The Networking Follow Up Conundrum
September 3, 2017 bgladmin

When asked, ‘What do you like to get out of networking?’, these were the responses:

  • Relationships – we want the opportunity to get to know people in a more meaningful way before we consider doing business.
  • Support – it can be very isolating and lonely running a business on your own. Regular networking in a regular group can help mitigate this.
  • Expertise – your networking group can become your unofficial team of experts.
  • Business – interestingly, it took a while in both groups for somebody to actually voice this one. Yes, of course we’d all like to win more customers through our networking, but it was clear that it was not the sole reason for networking.
  • Suppliers – finding people who provide products or services we need, and having an opportunity to get to know them before we do business.
  • Collaboration – opportunities to collaborate with other suppliers of similar services or product ranges.
  • Recommendations or referrals – everybody agreed that they were more than happy to refer and recommend fellow networkers they had got to know and trust, even if they had not used their services.
  • Personal development – again, similar to Support and Expertise, it was felt that being a regular member of a group provides plenty of opportunity to learn and grow, both formally and informally.

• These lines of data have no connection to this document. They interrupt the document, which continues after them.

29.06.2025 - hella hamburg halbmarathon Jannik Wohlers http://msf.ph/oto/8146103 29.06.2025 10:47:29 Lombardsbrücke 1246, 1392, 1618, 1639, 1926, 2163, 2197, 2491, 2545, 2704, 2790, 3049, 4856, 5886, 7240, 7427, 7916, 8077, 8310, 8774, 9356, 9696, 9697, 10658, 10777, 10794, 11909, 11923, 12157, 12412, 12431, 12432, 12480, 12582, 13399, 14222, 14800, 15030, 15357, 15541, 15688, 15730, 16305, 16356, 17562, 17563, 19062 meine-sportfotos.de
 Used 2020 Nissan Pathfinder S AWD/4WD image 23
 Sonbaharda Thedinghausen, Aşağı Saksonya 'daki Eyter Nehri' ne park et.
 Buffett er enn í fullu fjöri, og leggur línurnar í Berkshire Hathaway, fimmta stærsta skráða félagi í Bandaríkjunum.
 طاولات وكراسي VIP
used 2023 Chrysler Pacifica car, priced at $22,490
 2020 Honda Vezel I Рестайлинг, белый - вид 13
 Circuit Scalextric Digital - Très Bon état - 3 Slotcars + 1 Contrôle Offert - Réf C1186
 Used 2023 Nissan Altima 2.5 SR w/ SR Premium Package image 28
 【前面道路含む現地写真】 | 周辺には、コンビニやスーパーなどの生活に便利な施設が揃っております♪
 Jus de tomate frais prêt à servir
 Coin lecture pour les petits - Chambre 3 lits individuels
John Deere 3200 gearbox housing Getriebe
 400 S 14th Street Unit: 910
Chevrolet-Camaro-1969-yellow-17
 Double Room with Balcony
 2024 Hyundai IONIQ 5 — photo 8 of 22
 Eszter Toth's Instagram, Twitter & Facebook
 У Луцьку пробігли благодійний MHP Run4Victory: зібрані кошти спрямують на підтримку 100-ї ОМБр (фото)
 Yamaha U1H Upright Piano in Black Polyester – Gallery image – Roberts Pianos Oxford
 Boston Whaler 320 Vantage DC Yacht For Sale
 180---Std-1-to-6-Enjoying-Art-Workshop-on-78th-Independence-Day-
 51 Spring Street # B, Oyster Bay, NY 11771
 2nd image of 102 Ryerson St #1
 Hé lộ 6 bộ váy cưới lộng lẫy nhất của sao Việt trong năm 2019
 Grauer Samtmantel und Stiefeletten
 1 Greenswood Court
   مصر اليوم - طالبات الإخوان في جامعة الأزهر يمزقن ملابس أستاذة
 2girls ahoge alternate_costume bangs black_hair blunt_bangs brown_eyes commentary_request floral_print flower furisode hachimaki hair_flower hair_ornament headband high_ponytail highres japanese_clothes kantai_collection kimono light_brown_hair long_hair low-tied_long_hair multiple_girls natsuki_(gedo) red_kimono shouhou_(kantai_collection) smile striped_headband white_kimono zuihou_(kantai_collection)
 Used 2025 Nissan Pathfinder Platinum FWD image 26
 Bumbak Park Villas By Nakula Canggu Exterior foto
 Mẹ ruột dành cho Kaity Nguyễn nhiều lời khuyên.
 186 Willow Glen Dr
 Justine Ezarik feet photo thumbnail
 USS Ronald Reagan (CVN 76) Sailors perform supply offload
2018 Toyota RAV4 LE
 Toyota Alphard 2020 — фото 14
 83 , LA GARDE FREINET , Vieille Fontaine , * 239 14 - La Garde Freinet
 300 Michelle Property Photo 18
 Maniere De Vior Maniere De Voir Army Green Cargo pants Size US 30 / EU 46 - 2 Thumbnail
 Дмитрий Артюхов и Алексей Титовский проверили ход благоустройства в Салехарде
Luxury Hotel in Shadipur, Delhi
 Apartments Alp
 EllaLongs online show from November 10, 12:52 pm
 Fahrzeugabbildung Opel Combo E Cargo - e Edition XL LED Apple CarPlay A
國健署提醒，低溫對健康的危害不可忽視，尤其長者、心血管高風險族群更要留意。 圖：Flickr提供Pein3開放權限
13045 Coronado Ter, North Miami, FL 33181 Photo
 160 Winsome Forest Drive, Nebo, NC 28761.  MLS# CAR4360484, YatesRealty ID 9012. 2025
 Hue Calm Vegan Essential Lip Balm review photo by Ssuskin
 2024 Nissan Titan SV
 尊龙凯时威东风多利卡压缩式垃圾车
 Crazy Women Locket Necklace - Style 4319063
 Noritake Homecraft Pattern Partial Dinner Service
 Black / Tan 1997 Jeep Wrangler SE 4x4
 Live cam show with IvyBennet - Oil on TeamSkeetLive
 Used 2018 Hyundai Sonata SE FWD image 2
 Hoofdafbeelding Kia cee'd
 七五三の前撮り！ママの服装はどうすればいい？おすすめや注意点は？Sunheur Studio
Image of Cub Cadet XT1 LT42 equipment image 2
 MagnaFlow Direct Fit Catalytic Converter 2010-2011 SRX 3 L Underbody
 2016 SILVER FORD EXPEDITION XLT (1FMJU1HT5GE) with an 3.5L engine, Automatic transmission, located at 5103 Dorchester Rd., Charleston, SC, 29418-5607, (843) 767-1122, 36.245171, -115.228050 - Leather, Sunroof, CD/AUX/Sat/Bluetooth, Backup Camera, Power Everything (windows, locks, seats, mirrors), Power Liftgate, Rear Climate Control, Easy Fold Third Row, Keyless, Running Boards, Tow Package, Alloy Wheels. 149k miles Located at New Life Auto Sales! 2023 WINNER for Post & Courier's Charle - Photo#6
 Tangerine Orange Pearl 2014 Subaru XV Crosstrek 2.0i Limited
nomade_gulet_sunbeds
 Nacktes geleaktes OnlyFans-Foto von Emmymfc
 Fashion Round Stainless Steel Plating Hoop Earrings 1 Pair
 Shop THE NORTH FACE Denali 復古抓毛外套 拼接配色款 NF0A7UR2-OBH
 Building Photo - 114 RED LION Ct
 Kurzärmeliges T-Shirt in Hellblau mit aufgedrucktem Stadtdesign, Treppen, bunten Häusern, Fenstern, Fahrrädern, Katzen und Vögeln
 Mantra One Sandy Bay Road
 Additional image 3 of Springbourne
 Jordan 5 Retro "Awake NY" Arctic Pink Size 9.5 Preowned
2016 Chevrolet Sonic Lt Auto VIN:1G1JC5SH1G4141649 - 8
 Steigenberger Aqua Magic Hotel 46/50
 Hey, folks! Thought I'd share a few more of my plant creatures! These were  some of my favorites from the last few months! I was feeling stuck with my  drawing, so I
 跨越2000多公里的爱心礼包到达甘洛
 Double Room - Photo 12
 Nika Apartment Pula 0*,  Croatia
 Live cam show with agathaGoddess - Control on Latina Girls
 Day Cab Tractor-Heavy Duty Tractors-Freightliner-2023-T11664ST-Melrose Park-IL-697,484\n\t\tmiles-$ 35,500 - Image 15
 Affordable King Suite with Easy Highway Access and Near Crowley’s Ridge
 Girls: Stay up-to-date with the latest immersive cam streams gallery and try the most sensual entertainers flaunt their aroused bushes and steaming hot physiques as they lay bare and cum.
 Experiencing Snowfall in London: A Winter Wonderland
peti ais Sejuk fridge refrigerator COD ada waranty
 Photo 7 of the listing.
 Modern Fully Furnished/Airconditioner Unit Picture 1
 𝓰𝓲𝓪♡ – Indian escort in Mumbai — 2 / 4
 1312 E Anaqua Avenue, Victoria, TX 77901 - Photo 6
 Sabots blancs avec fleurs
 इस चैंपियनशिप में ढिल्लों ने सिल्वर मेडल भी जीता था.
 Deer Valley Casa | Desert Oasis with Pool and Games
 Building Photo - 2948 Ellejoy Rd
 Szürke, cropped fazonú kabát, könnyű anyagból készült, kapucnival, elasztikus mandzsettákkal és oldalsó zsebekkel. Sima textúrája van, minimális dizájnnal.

When you consider all of the above and that the cost of a networking group such as PopConnect can be as little as £1 per day (less than a latte!) – that strikes me as really excellent value.

This is what people said when asked, ‘How do you like to be followed up with by your fellow networkers?’

Everybody felt very strongly about Personal Contact with this one; meeting for a 1:1 to get to know people better and understand what they do in more depth. Without exception, what caused the most frustration was being spammed with generic group emails or ‘buy my stuff’, ‘like my page’, ‘follow me on Twitter’ messages sent straight after a networking event. Especially disliked were those generic group emails which say ‘It was great to meet and chat with you today.’ Believe it or not, some people had received those even when they hadn’t been at a meeting! This made many very cross; you have been warned!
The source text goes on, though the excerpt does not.